Léon Bloy, la grâce et la fureur
Léon Bloy en 1895. Photo: Selva/Leemage

A l’occasion du centenaire de la mort de Léon Bloy, la collection « Bouquins » a réuni en un seul volume ses Essais et Pamphlets. On y trouvera mille preuves que cet imprécateur catholique antimoderne est avant tout un très grand écrivain.
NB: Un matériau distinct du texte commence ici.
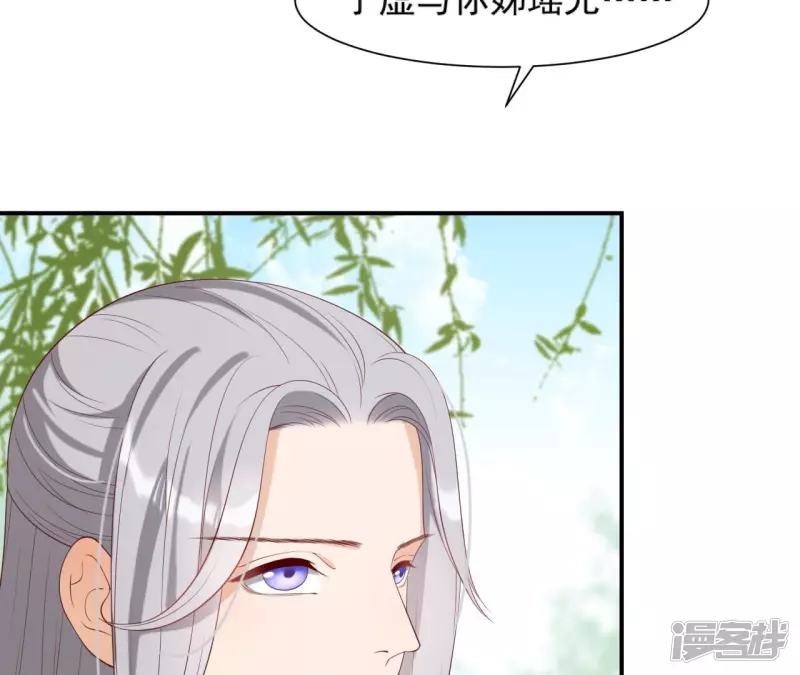 再生緣：我的溫柔暴君 - 第48話 借錢(1/2) - 3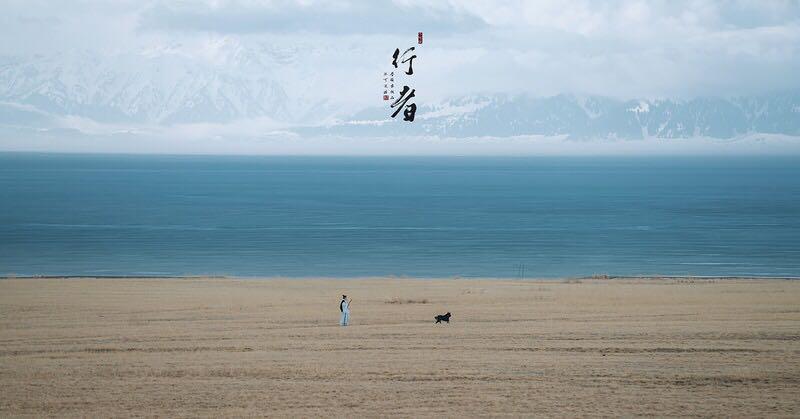 行者如你，目标坚定，不畏路途遥远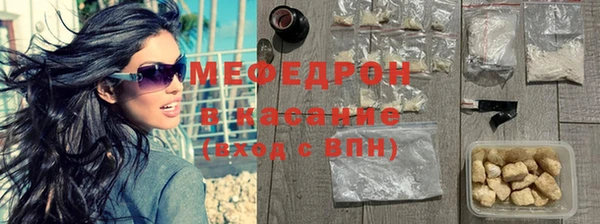 альфа пвп Горнозаводск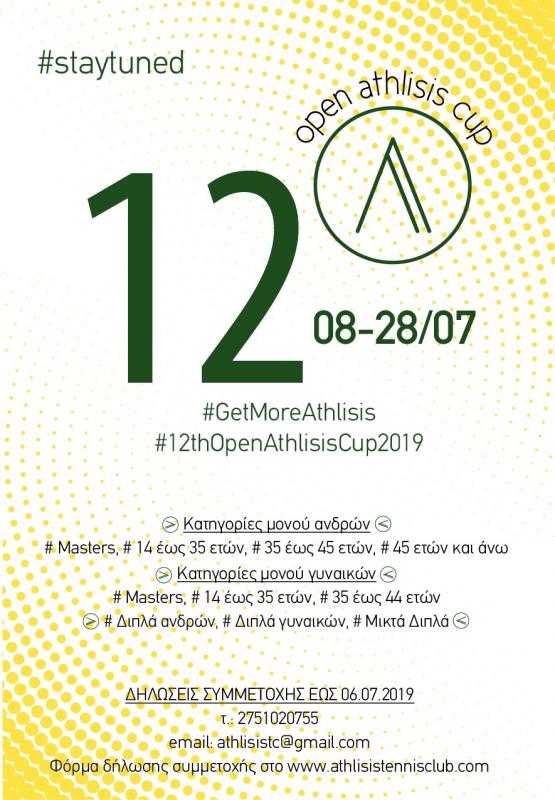 Open Athlisis Cup
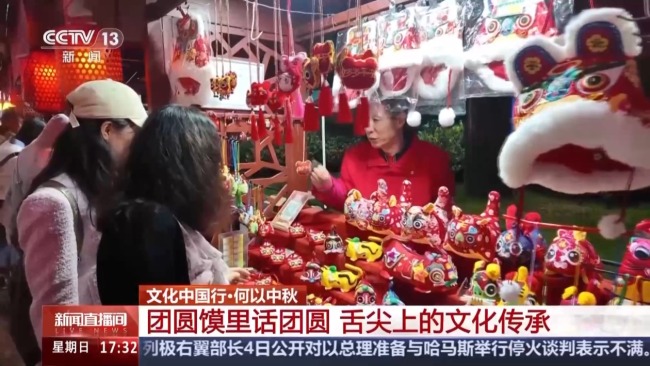 團圓饃、中秋墨 探尋千年文化傳承密碼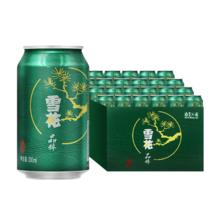 雪花啤酒 晶粹8度 罐装 330ml 24罐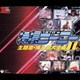 特撮ヒーロー主題歌・挿入歌大全集Ⅰ (スーパーヒーロークロニクル)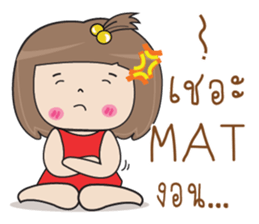 696404324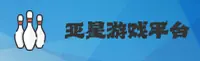 亚星游戏官方网站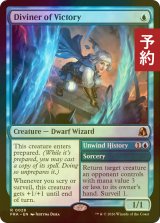 [FOIL] 勝利の預言者/Diviner of Victory 【英語版】 [FRA-青R] (予約I)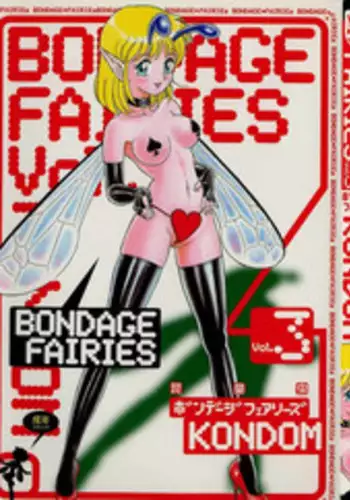 [Kondom] Bondage Fairies Vol. 3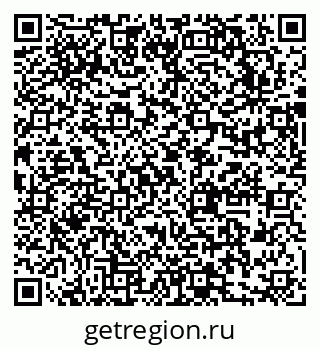 79631747074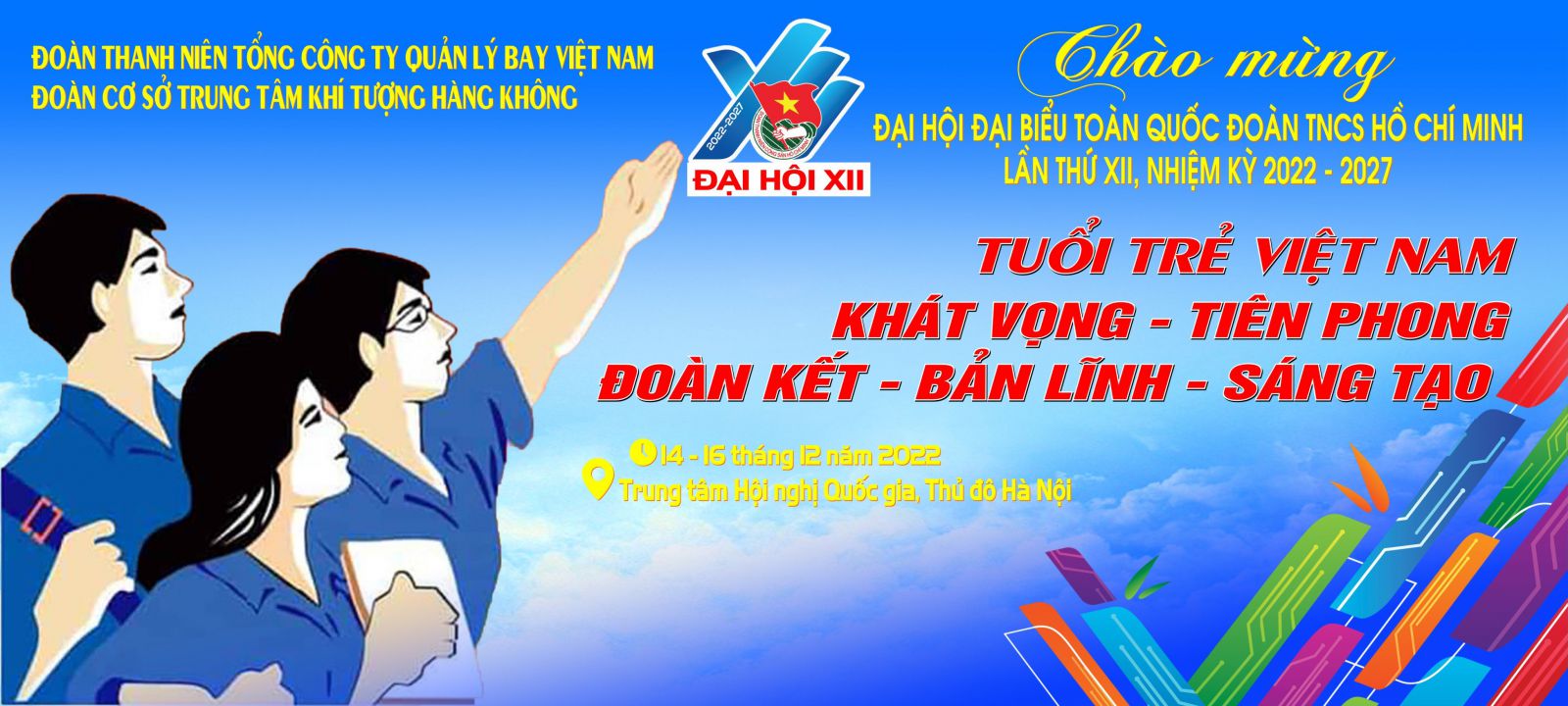 Khai Mạc Giải Bóng Đá Thanh Niên Thành Phố Huế Lần Thứ VII: Thông Tin Chi Tiết Khai Mạc Giải Bóng Đá Thanh Niên Thành Phố Huế Lần Thứ VII: Thông Tin Chi Tiết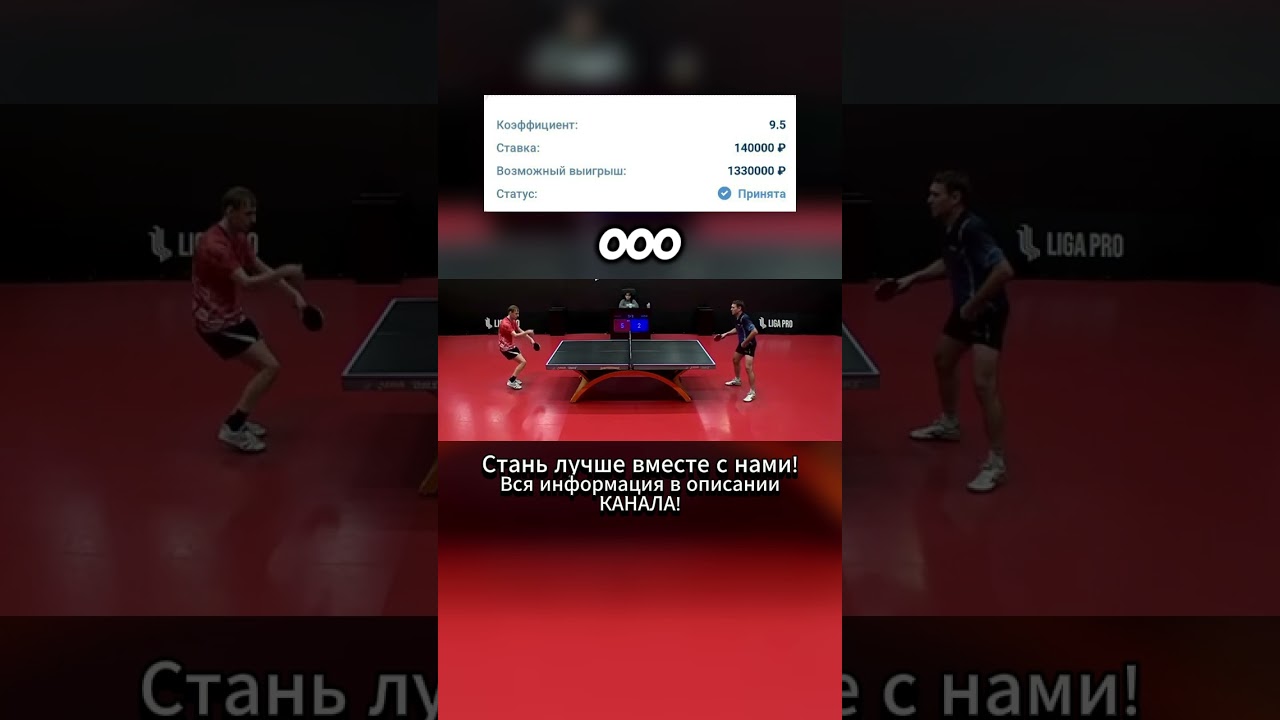 Настольный теннис забавные эксперименты игра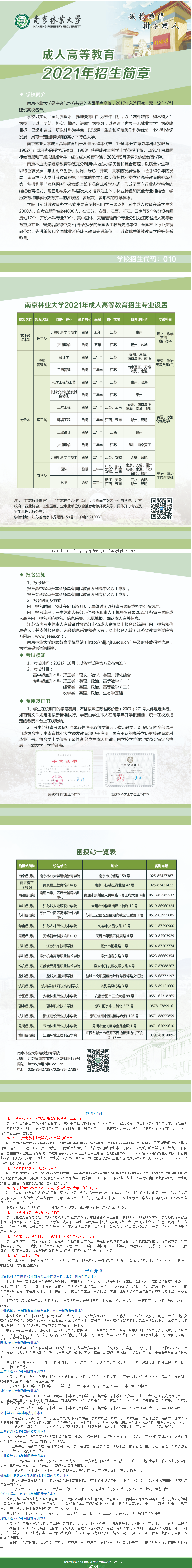 南京林业大学2021年成人高等教育招生简章
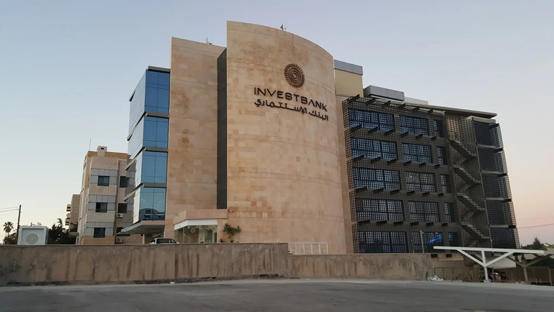 الاستثماري الراعي الفضي لمعرض ومؤتمر الذكاء الاصطناعي في تكنولوجيا الدفاع والأمن السيبراني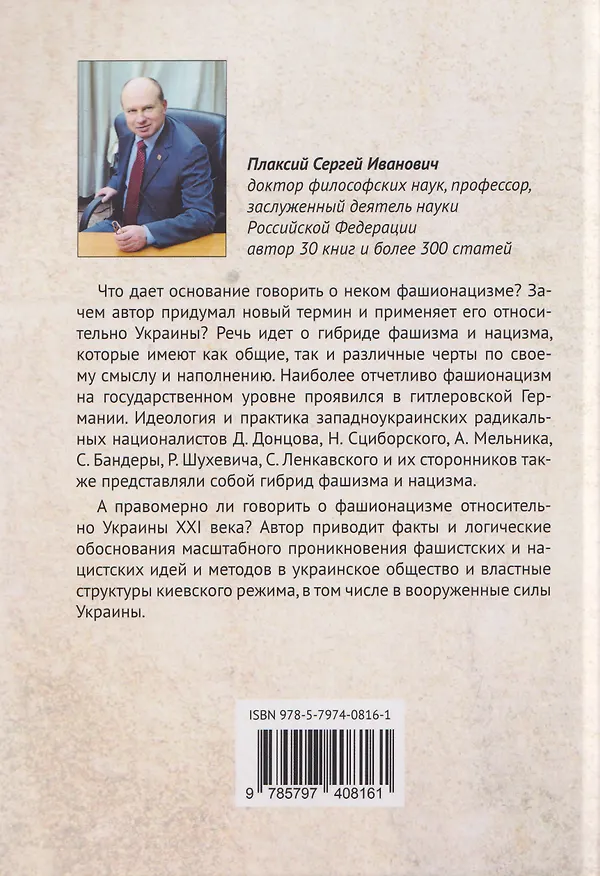 Книга Фашионацизм на Украине (Сергей Плаксий) — 2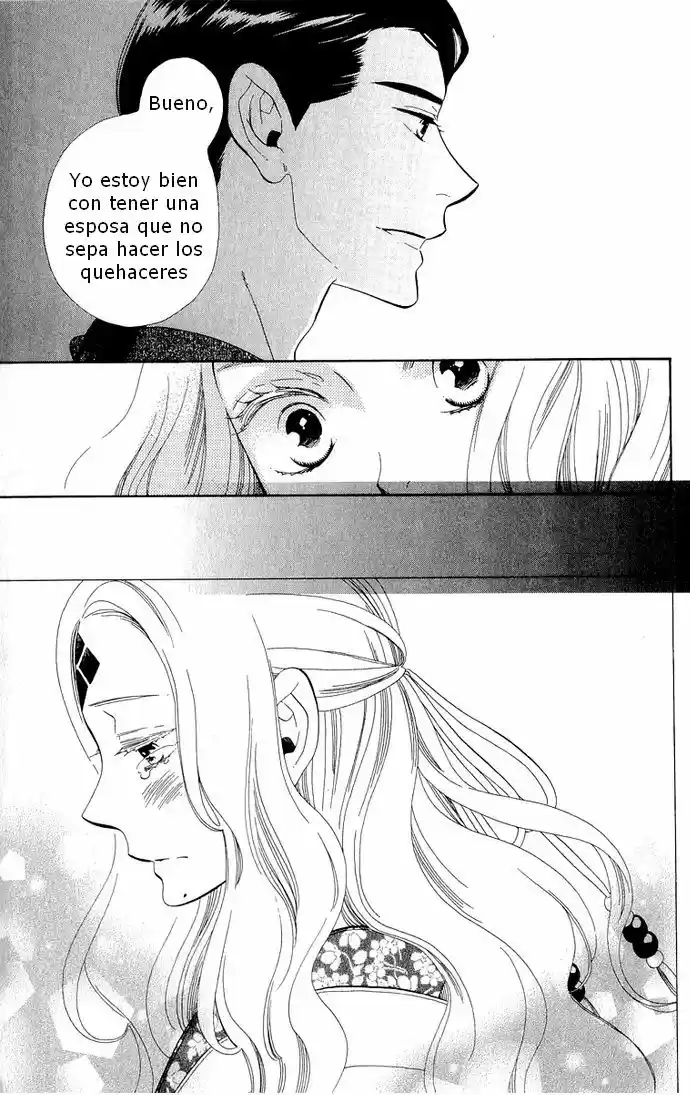 Otome Youkai Zakuro - Capítulo 32 - Página 12 - LectorTMOo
Léon Bloy nous manque. Comme nous manquent Barbey d’Aurevilly, Bernanos ou Pasolini. Imprécateurs désespérés, marathoniens de la colère, révoltés antimodernes, tous se sont tus, apparemment une fois pour toutes. Aucune voix, désormais, pour troubler le consensus et nous réveiller d’un totalitarisme doux – et choisi – qui nous conduit à nous extasier sur les nouvelles technologies, les trains à grande vitesse, les algorithmes du trading à haute fréquence, la vie virtuelle comme substitut de la vraie vie pendant que sur terre, l’horreur réelle est quotidienne. Celle, banale dans nos contrées développées, d’une existence aliénée, « séparée » aurait dit Guy Debord. Celle, aussi, de la violence planétaire qui frappe partout, toujours et encore, les plus pauvres.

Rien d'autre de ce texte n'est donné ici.